Codeunits can be specified as CODEUNITS16, CODEUNITS32, or OCTETS. CODEUNITS16 specifies that start is expressed in 16-bit UTF-16 code units. CODEUNITS32 specifies that start is expressed in 32-bit UTF-32 code units. OCTETS specifies that start is expressed in bytes.
Pattern and flag values are complex and so are discussed in the following sections.

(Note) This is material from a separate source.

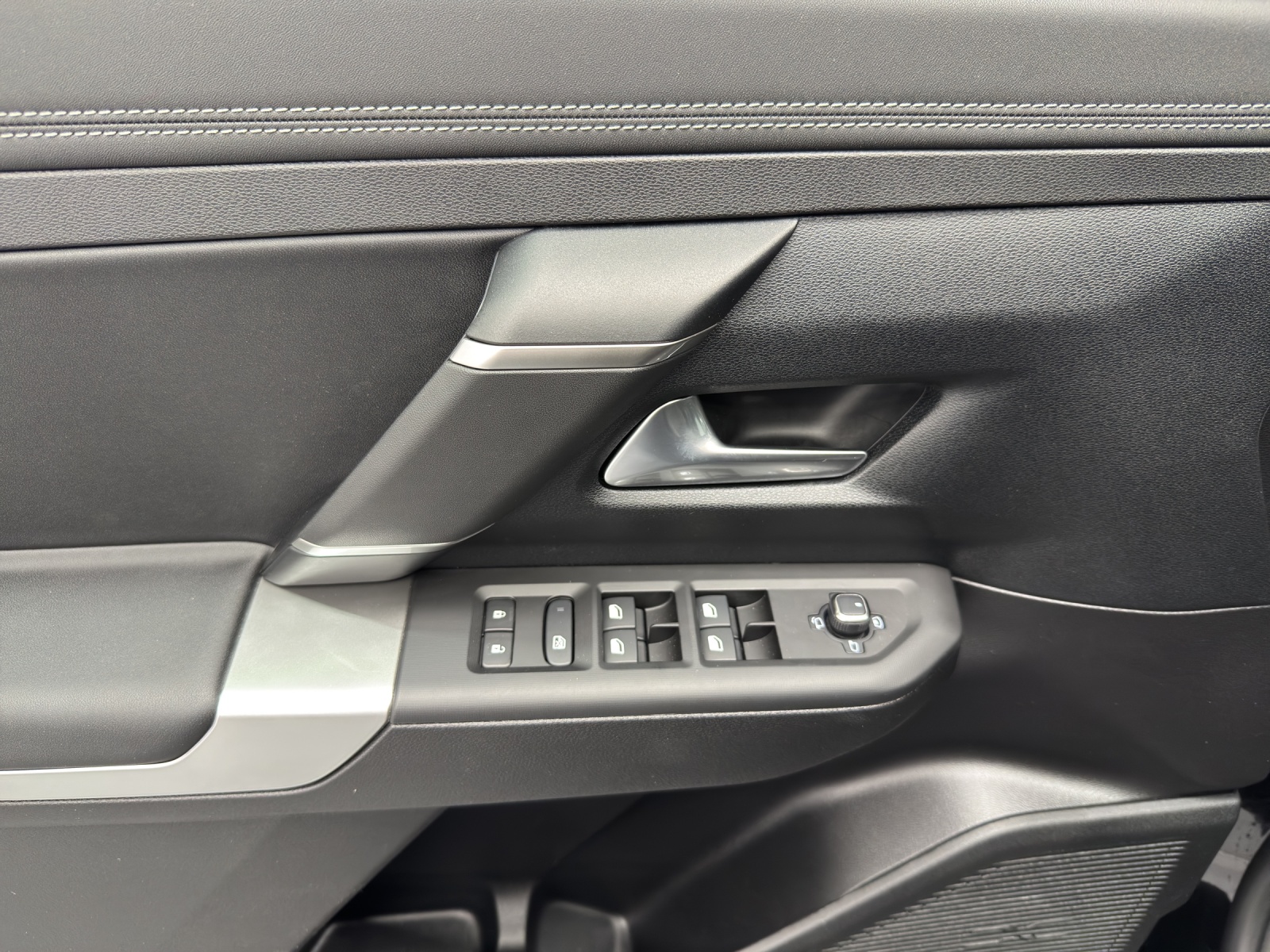 JEEP Compass 1.2 MHEV First Edition-image-12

Regular expression functions have a flag specification that can be used to change the behavior of the search. There are six possible flags that can be specified as part of the REGEXP command:
Flag | Purpose |
---|---|
c | Specifies that matching is case-sensitive (the default value) |
i | Specifies that matching is case insensitive |
m | Specifies that the input data can contain more than one line. By default, the '^' in a pattern matches only the start of the input string; the '\$' in a pattern matches only the end of the input string. If this flag is set, "^" and "\$" also matches at the start and end of each line within the input string. |
n | Specifies that the '.' character in a pattern matches a line terminator in the input string. By default, the '.' character in a pattern does not match a line terminator. A carriage-return and line-feed pair in the input string behaves as a single-line terminator, and matches a single "." in a pattern. |
s | Specifies that the '.' character in a pattern matches a line terminator in the input string. This value is a synonym for the 'n' value. |
x | Specifies that white space characters in a pattern are ignored, unless escaped. |
In [ ]:
%%sql
SELECT STATION FROM CENTRAL_LINE
WHERE REGEXP_LIKE(STATION,'Ruislip')
The pattern 'Ruislip' will look for a match of Ruislip within the STATION column. Note that this pattern will also match 'West Ruislip' or 'Ruislip Gardens' since we placed no restriction on where the pattern can be found in the string. The match will also be exact (case matters). This type of search would be equivalent to using the SQL LIKE statement:
In [ ]:
%%sql
SELECT STATION FROM CENTRAL_LINE
WHERE STATION LIKE '%Ruislip%'
If you didn't place the %
at the beginning of the LIKE
string, only the stations that start with Ruislip would be
found.
In [ ]:
%%sql
SELECT STATION FROM CENTRAL_LINE
WHERE STATION LIKE 'Ruislip%'
If you want to match Ruislip with upper or lower case being
ignored, you would add the 'i'
flag as part of the
REGEXP_LIKE (or any REGEXP function).
In [ ]:
%%sql
SELECT STATION FROM CENTRAL_LINE
WHERE REGEXP_LIKE(STATION,'RUISLIP','i')
By default a pattern will be matched anywhere in a string.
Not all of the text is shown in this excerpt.